● **Task prompt**: Retype exactly the lines from the one holding "Mominos Fashion Moeza" through the final line of the data, both included.

[Stored dataset items]

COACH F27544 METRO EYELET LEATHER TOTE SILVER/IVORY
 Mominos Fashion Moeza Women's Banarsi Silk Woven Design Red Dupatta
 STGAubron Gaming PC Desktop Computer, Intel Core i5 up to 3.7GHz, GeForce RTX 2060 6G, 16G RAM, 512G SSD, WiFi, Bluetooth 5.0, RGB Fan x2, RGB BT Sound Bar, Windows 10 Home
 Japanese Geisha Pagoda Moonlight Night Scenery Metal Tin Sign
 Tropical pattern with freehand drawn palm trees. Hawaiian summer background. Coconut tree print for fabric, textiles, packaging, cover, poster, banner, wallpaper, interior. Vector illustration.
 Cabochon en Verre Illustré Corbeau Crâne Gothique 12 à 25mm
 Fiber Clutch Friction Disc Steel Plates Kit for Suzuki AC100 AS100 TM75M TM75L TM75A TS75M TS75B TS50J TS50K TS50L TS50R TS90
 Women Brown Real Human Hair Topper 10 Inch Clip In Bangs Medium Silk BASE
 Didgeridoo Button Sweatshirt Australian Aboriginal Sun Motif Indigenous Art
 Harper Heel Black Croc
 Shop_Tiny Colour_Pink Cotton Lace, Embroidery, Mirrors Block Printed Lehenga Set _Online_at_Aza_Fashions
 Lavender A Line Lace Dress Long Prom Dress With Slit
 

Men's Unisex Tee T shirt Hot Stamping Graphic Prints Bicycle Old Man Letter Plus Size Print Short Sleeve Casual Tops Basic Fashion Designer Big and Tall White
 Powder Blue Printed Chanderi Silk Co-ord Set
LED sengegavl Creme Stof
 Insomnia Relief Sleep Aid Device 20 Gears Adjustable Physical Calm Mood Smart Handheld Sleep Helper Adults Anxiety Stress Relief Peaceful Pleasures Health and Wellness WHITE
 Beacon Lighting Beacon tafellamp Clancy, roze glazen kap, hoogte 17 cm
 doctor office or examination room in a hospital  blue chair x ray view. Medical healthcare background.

● **Answer for the task**:
 Mominos Fashion Moeza Women's Banarsi Silk Woven Design Red Dupatta
 STGAubron Gaming PC Desktop Computer, Intel Core i5 up to 3.7GHz, GeForce RTX 2060 6G, 16G RAM, 512G SSD, WiFi, Bluetooth 5.0, RGB Fan x2, RGB BT Sound Bar, Windows 10 Home
 Japanese Geisha Pagoda Moonlight Night Scenery Metal Tin Sign
 Tropical pattern with freehand drawn palm trees. Hawaiian summer background. Coconut tree print for fabric, textiles, packaging, cover, poster, banner, wallpaper, interior. Vector illustration.
 Cabochon en Verre Illustré Corbeau Crâne Gothique 12 à 25mm
 Fiber Clutch Friction Disc Steel Plates Kit for Suzuki AC100 AS100 TM75M TM75L TM75A TS75M TS75B TS50J TS50K TS50L TS50R TS90
 Women Brown Real Human Hair Topper 10 Inch Clip In Bangs Medium Silk BASE
 Didgeridoo Button Sweatshirt Australian Aboriginal Sun Motif Indigenous Art
 Harper Heel Black Croc
 Shop_Tiny Colour_Pink Cotton Lace, Embroidery, Mirrors Block Printed Lehenga Set _Online_at_Aza_Fashions
 Lavender A Line Lace Dress Long Prom Dress With Slit
 

Men's Unisex Tee T shirt Hot Stamping Graphic Prints Bicycle Old Man Letter Plus Size Print Short Sleeve Casual Tops Basic Fashion Designer Big and Tall White
 Powder Blue Printed Chanderi Silk Co-ord Set
LED sengegavl Creme Stof
 Insomnia Relief Sleep Aid Device 20 Gears Adjustable Physical Calm Mood Smart Handheld Sleep Helper Adults Anxiety Stress Relief Peaceful Pleasures Health and Wellness WHITE
 Beacon Lighting Beacon tafellamp Clancy, roze glazen kap, hoogte 17 cm
 doctor office or examination room in a hospital  blue chair x ray view. Medical healthcare background.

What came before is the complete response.